INFORMATION SUPPLIED: Begin
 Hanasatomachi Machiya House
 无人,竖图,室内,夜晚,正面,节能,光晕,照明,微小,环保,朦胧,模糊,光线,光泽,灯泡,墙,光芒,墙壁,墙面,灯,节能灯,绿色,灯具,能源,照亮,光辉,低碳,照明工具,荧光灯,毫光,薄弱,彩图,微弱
INFORMATION SUPPLIED: End
INFORMATION SUPPLIED: Begin
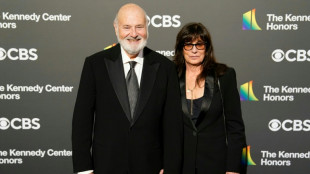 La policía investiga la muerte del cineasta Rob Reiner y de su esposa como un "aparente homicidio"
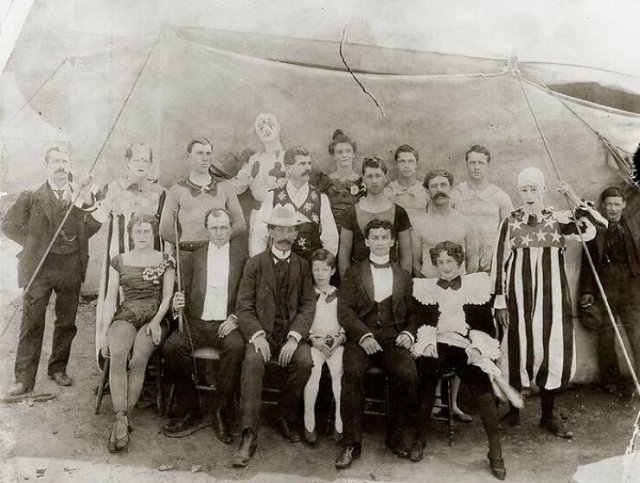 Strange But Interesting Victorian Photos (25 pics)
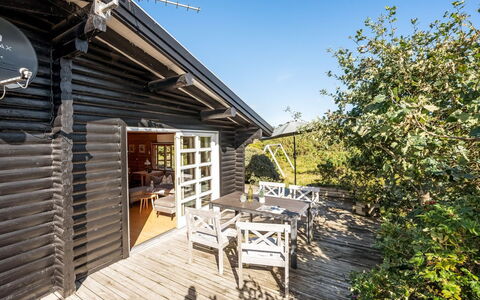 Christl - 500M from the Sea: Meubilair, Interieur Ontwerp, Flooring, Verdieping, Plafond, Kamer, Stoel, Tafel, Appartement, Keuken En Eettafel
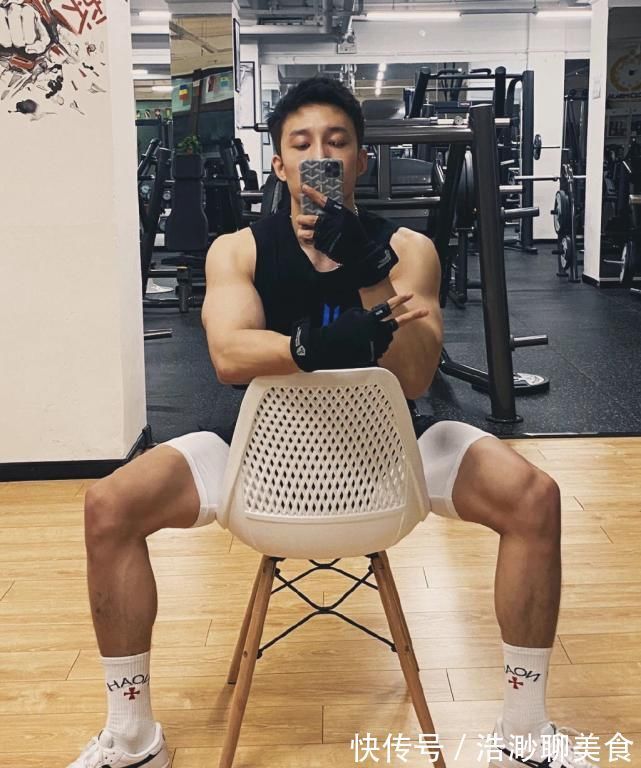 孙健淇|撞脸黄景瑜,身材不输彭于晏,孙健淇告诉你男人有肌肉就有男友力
INFORMATION SUPPLIED: End
INFORMATION SUPPLIED: Begin
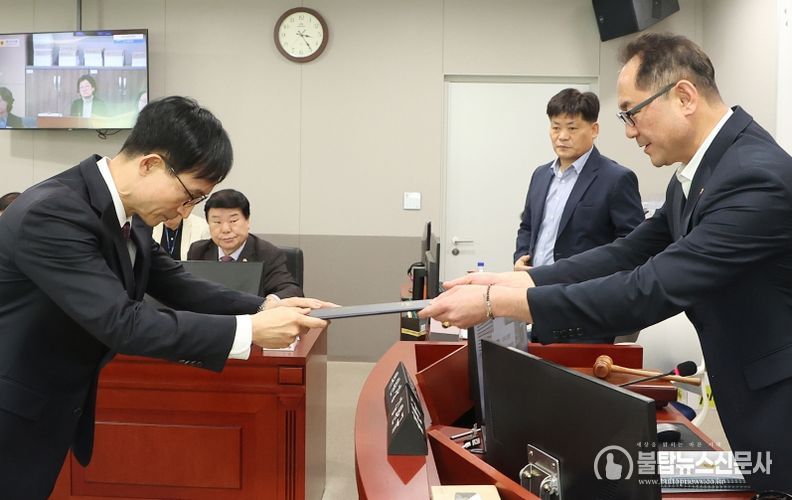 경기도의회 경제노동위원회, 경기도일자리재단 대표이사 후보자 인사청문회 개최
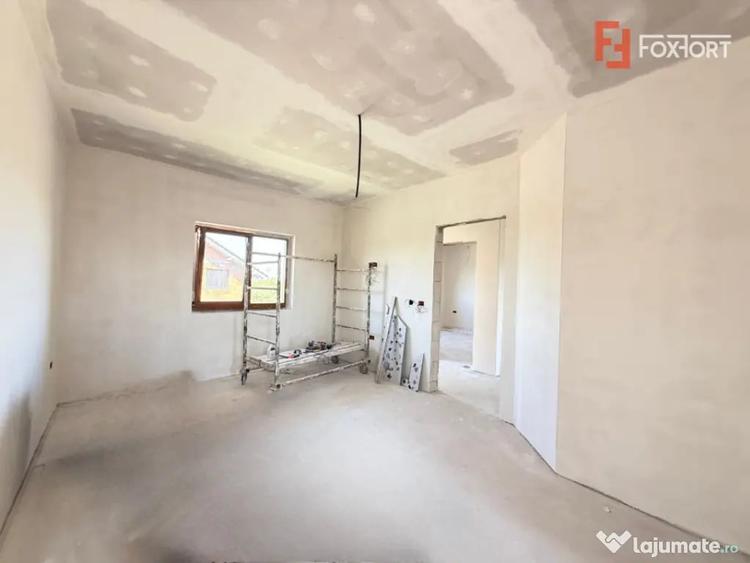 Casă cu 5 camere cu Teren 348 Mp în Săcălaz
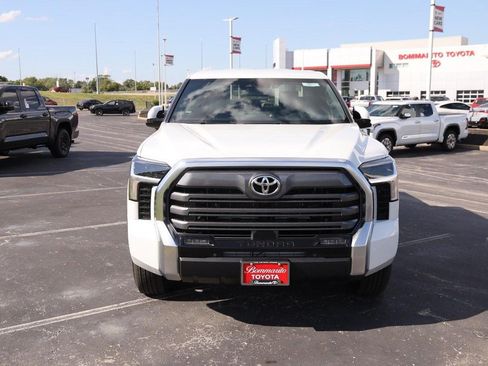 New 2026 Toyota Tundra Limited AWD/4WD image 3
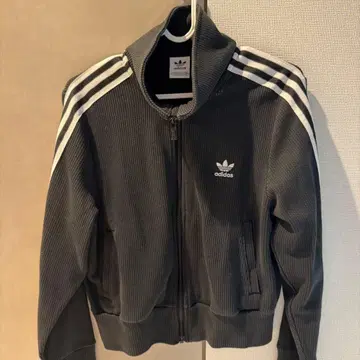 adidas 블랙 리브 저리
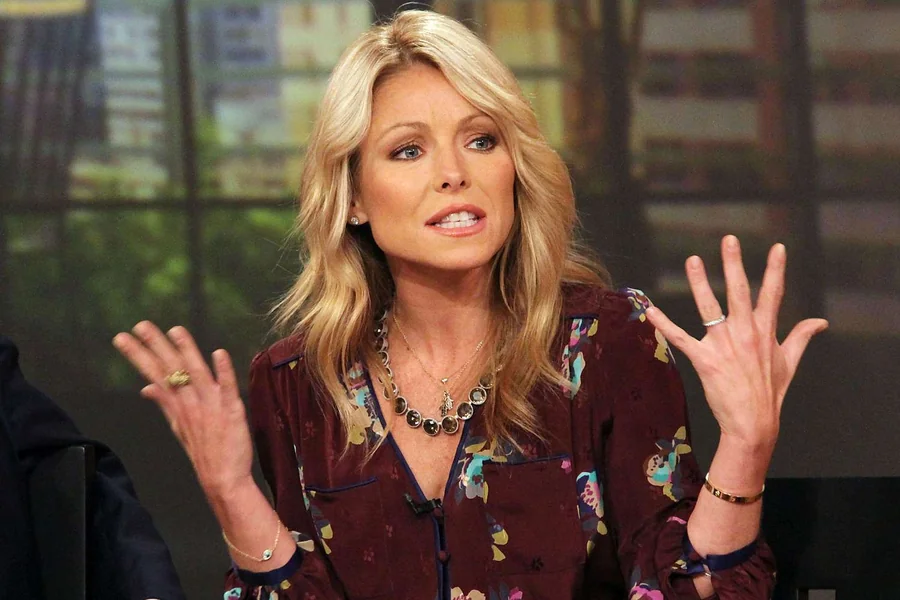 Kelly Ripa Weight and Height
INFORMATION SUPPLIED: End
> [EXERCISE REQUIREMENTS]
Please return the material above only from the line that holds "Christl - 500M" through the line that holds "孙健淇|撞脸黄景瑜,身材不输彭于晏,孙健淇告诉你男人有肌肉就有男友力", exactly as it stands, ends included and pictures omitted.

> [TASK OUTPUT]
 Christl - 500M from the Sea: Meubilair, Interieur Ontwerp, Flooring, Verdieping, Plafond, Kamer, Stoel, Tafel, Appartement, Keuken En Eettafel
 孙健淇|撞脸黄景瑜,身材不输彭于晏,孙健淇告诉你男人有肌肉就有男友力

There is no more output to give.